Personal and family life
Joyce Hilda Ntila was born on 12 April 1950 in Malemia, a village in the Zomba District of Nyasaland (now Malawi). Her father was a police brass band musician. She began her career as a secretary and became a well-known figure during the rule of dictator Hastings Banda (no relation).

She has a Cambridge School Certificate, a Bachelor of Arts Degree in Early Childhood Education from Columbus University (an unaccredited distance education institution), a Bachelor of Social Studies in Gender Studies from Atlantic International University (also a distance learning institution) and a Diploma in Management of NGOs from the International Labour Organization (ILO) Centre in Turin, Italy. Currently, she is studying for a Master of Arts Degree in Leadership at Royal Roads University in Canada. She received an honorary doctorate in 2013 from Jeonju University.

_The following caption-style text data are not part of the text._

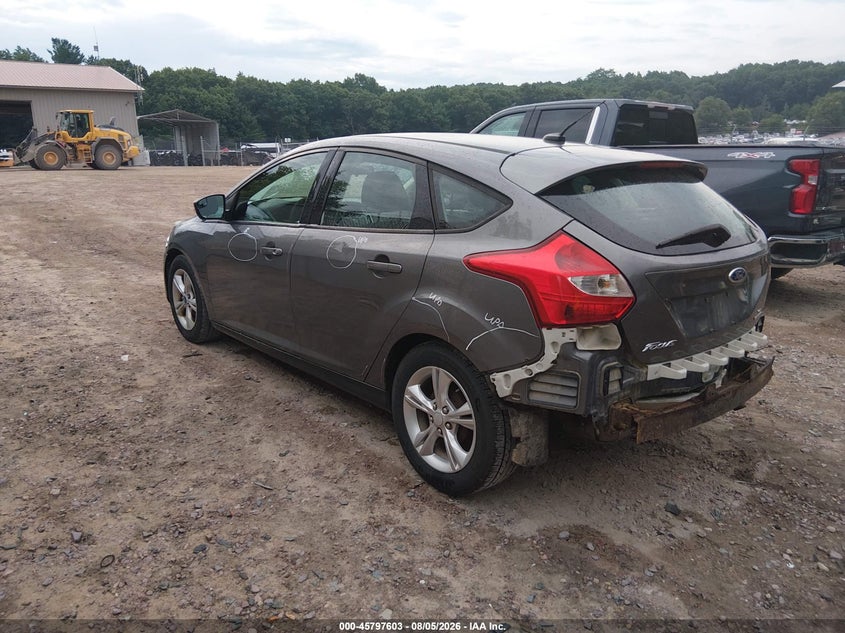 Vin: 1fadp3k29dl260789, lot: 46296434, ford focus se 20133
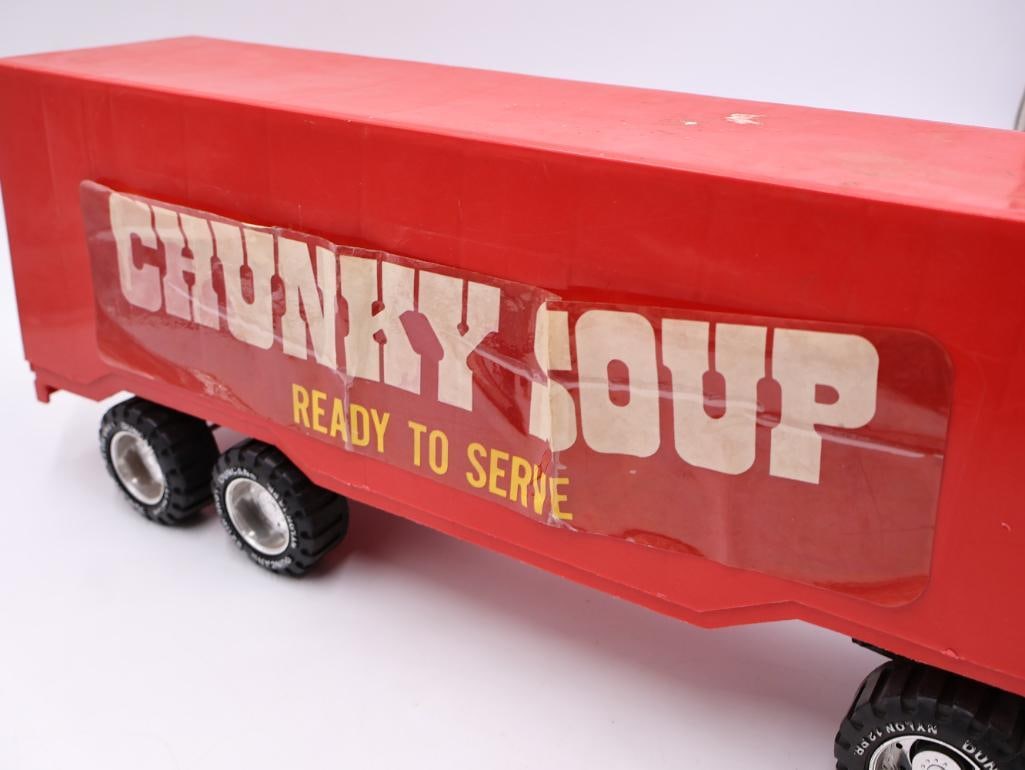 Two Large Vintage Model Trucks - 10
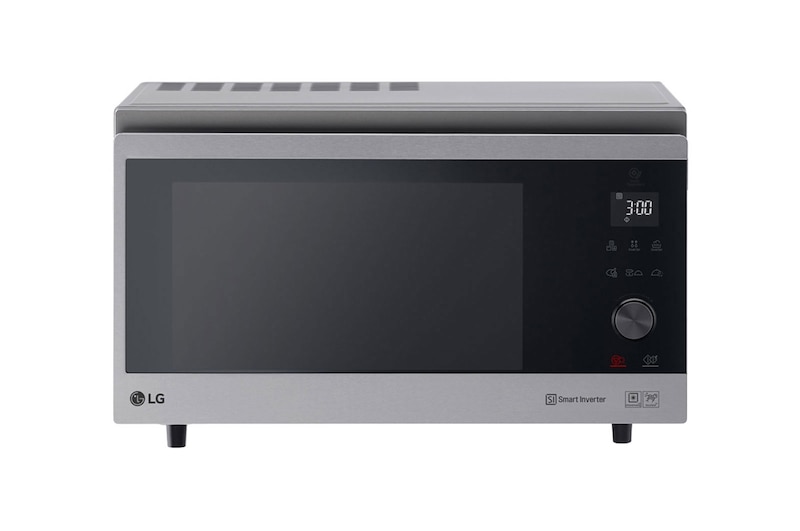 LG Mikrowellenofen mit Smart Inverter Technologie und Quarzgrill, MJ3965ACS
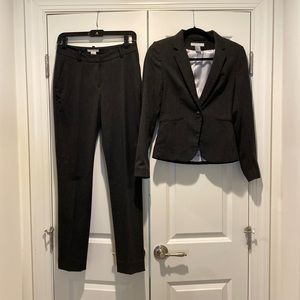 H&M size 4 Grey suit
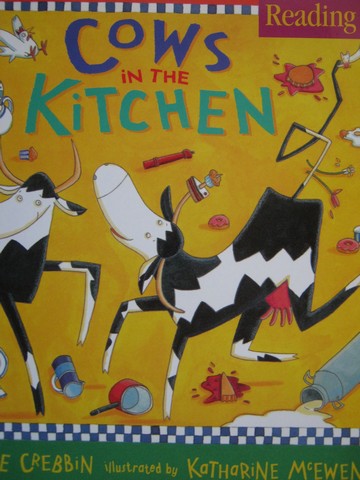 (image for) Reading K Cows in the Kitchen (P) by June Crebbin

She married Roy Kachale, with whom she had three children. At the age 25, she was living in Nairobi, Kenya.

In 1975, a growing women's movement in Kenya motivated Banda to take her three children and leave what she has described as an abusive marriage. Her marriage to Roy Kachele ended in 1981. She is now married to Richard Banda, retired Chief Justice of Malawi, with whom she has two children.

Between 1985 and 1997 Banda managed and established various businesses and organisations including Ndekani Garments (1985), Akajuwe Enterprises (1992), and Kalingidza Bakery (1995). Her success inspired her to help other women achieve financial independence and break the cycles of abuse and poverty.

She is sister to Anjimile Oponyo, former CEO of the Raising Malawi Academy for Girls, financed by Madonna.

Political life

Public offices (1999–2009)

Joyce Banda entered politics in 1999. She won a parliamentary seat in Malawi's third democratic election as a member of President Bakili Muluzi's party, the United Democratic Front. She represented the Zomba Malosa constituency. Muluzi appointed her as Minister for Gender and Community Services. As minister, she fought to enact the Domestic Violence Bill, which had failed for seven years. She designed the National Platform for Action on Orphans and Vulnerable Children and the Zero Tolerance Campaign Against Child Abuse.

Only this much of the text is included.